# TO DO
Extract every line from the records below that contains the word "https".

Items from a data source
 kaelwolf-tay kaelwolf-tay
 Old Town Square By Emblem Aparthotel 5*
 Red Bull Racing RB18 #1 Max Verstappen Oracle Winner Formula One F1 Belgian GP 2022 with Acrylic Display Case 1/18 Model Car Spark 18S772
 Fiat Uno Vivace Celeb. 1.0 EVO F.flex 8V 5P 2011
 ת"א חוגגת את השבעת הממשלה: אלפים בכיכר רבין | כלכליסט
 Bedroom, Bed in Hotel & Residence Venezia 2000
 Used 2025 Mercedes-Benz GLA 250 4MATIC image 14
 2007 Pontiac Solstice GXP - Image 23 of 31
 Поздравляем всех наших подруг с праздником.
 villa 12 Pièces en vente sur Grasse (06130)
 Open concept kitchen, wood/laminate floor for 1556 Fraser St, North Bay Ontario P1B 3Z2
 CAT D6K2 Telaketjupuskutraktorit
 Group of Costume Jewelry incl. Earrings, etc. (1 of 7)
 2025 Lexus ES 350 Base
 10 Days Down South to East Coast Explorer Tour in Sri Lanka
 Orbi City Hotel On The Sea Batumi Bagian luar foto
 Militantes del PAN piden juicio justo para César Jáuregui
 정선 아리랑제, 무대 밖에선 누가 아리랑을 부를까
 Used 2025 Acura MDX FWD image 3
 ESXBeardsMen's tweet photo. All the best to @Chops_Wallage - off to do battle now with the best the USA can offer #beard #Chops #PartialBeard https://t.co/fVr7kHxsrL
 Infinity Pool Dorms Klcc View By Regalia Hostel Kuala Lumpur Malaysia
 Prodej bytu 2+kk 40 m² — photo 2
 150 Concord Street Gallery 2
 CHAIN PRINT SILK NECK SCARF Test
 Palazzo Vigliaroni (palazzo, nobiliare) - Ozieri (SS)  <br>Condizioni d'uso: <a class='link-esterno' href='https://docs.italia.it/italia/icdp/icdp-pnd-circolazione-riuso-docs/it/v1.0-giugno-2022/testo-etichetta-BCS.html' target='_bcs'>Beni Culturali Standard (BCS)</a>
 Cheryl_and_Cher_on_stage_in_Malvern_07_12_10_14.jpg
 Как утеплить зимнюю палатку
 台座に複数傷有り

# WRITTEN ANSWER
 ESXBeardsMen's tweet photo. All the best to @Chops_Wallage - off to do battle now with the best the USA can offer #beard #Chops #PartialBeard https://t.co/fVr7kHxsrL
 Palazzo Vigliaroni (palazzo, nobiliare) - Ozieri (SS)  <br>Condizioni d'uso: <a class='link-esterno' href='https://docs.italia.it/italia/icdp/icdp-pnd-circolazione-riuso-docs/it/v1.0-giugno-2022/testo-etichetta-BCS.html' target='_bcs'>Beni Culturali Standard (BCS)</a>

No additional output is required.